The deployment of low carbon affordable energy generation technologies plays a crucial role to achieve the Paris Agreement long-term goal to reduce global greenhouse gas emissions to limit global temperature increase well below 2ºC above pre-industrial levels, and pursue efforts to limit it to 1.5º C above pre-industrial levels. In particular wind power installed capacity is projected to increase exponentially over the next few decades. Wind power generation is, however, weather-dependent. Therefore, understanding the variability of wind, how it might be affected by climate change, and how this affects the economics of wind projects seems vital as countries continue to invest in wind energy.

At the global level, the last IPCC report (IPCC AR6 WGIII, 2022) states that the climate change impact on future wind resources will be limited.
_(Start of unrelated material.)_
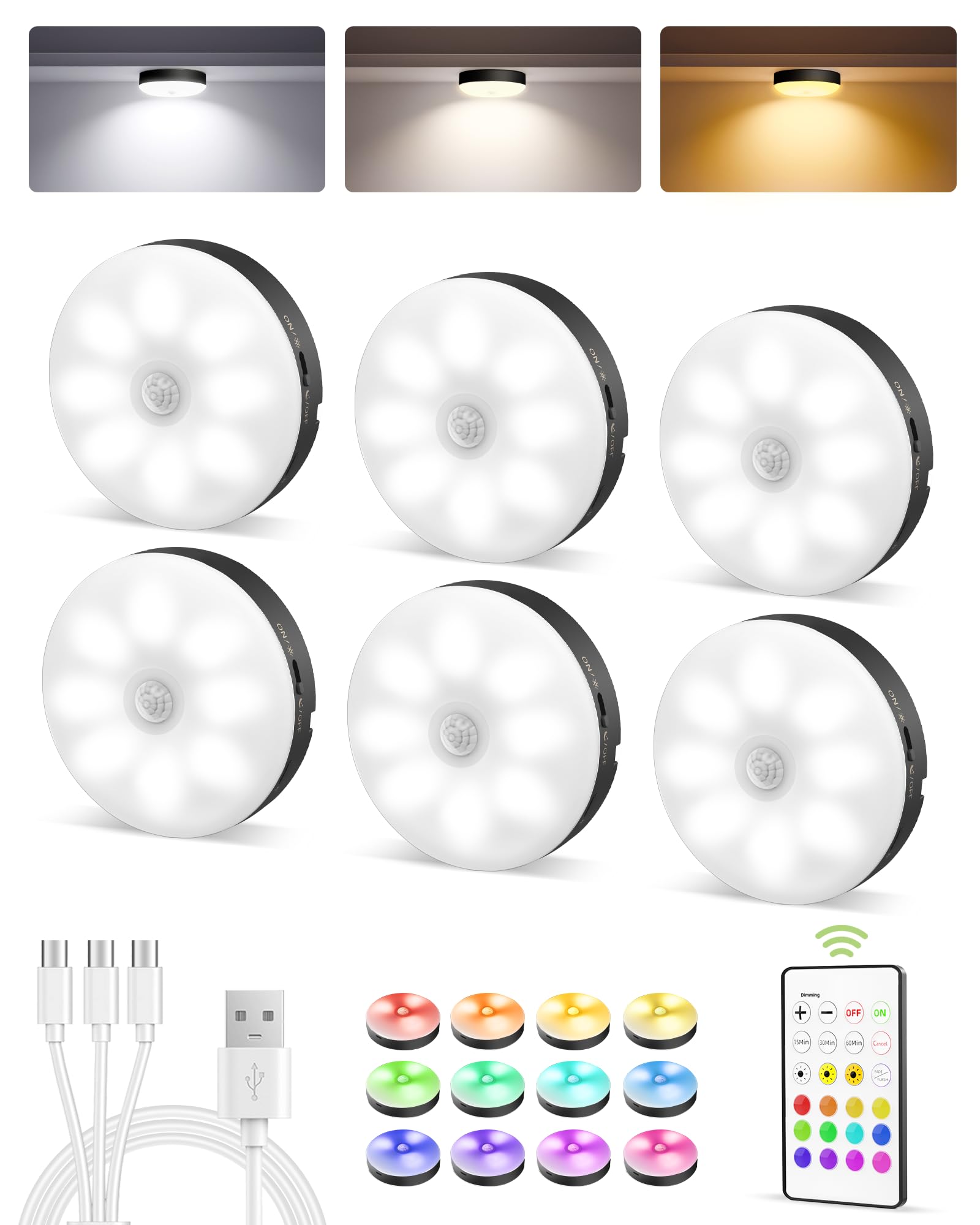 EZVALO 6-Pack Under Cabinet Lighting, Rechargeable Motion Sensor Puck Light with Remote, 3 Color Temps & 12 RGB Colors, Magnetic Stick on Light, Dimmable Under Counter Light for Kitchen, Home Decor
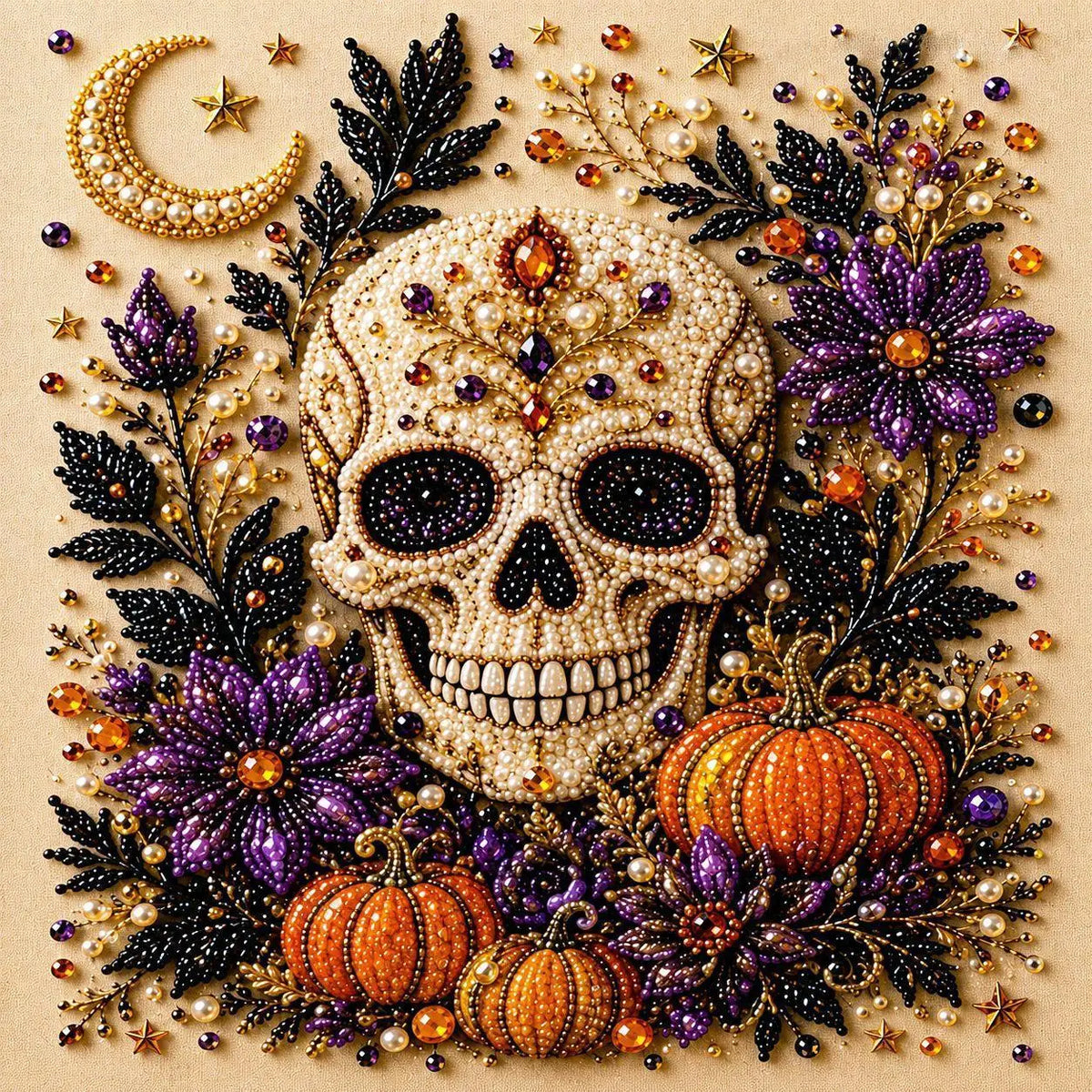 Kit «Calavera Florida»: calavera decorada con flores moradas y naranjas, calabazas y luna creciente.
Regional studies, however, show that wind resources are projected to increase for instance over Northern Europe and decrease over Southern Europe. In North America, various studies have low agreement for the changes on future resources, in part because the inter-annual variability is larger than the projected changes due to climate change. For South America, some studies find increases in wind resources in windy areas. In general, the compounding of the anthropogenic climate change signal with high spatial and temporal wind variability can lead to large uncertainties in the projected impacts of climate change on wind resources, and as a result, on the economics of a project. 

In this study we showcase a methodology to analyze the impact of climate change on the economic indicators of a portfolio of wind farm projects across Europe. Projections of changes in wind resources are obtained using an ensemble of Coupled Model Intercomparison Project 6 (CMIP6) global climate models statistically downscaled to correct biases and increase the spatial resolution. Uncertainties in climate projections are taken into account by considering an ensemble of climate models and different emissions scenarios as represented by the Shared Socioeconomic Pathways (SSPs) . A series of assumptions about the features of a representative wind farm and its key economic parameters (e.g. capital expenditures and operational costs) are made to compute two common economic indicators: the Internal Rate of Return (IRR) and the Levelized Cost of Energy (LCOE).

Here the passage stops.